Article 23 not on agenda, Yuen insists

PUBLISHED : Tuesday, 10 July, 2012, 12:00am
UPDATED : Tuesday, 10 July, 2012, 12:00am

Secretary for Justice Rimsky Yuen Kwok-keung has again insisted he has no plan to introduce controversial national security legislation and says if Chief Executive Leung Chun-ying asked him to, he would try to persuade him not to.

Yuen told the media in a tea gathering yesterday: 'No one has ever said that I have to complete the legislation on Article 23 [of the Basic Law].

'If you want to put your mind at ease, I can tell you that I've asked clearly whether there will be such a 'political assignment', and the answer was no.'

Yuen said he was not including the legislation in his schedule because it could not be done in a short time.

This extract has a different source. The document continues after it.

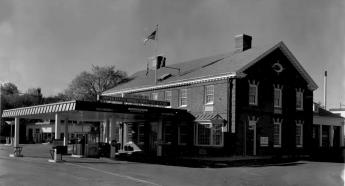 a brick building with cars under the car pot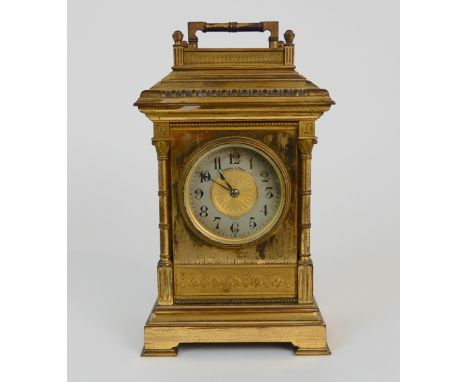 A FRENCH GILDED BRASS CASED MANTLE CLOCK the silvered dial marked for Edward and Sons, Paris, the movement marked 5 15, 22cm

He said the government had many livelihood issues to deal with and previous experience showed that extensive consultation was needed for the public to reach a consensus before it could be introduced to the Legislative Council.

Regarding the government's solution to the right of abode issue involving babies born to mainland parents in Hong Kong, Yuen said a study of the options would be completed in two to three months and he would present proposals as soon as he could.

But he said amending the Basic Law - the city's mini-constitution - would be a 'last resort'.

The controversy stems from a 2001 Court of Final Appeal ruling that gave all babies born to mainland mothers in Hong Kong the right of abode. Since then, an estimated 170,000 such babies have been born in the city, raising fears that such an influx would put a strain on public services.

Yuen said that he would do his best to make use of the local judicial system to resolve the problem before considering seeking an interpretation from Beijing.

He said his colleagues were studying whether the problem could be fixed by amending the Immigration Ordinance and whether it was possible to refuse to grant birth certificates to such babies, prompting the parents to sue the government to bring the matter to court.

Commenting on the possible prosecution of government officials over illegal structures or corruption, Yuan said he would stick to established practices to ensure any action was fair and impartial. He might delegate his power of prosecution to the director of prosecution and seek independent advice from private legal practitioners.

Lawmaker Ronny Tong Ka-wah said amending the Basic Law was a better option than seeking an interpretation from Beijing, which would effect children born to mainland parents who had been living here.

Yuen was asked what he thought of a comment by Vice-President Xi Jinping in Hong Kong in 2008 that the three branches of the government should give each other mutual support and understanding.

Yuen said judicial independence was the cornerstone of rule of law but was not tantamount to 'judicial isolation'.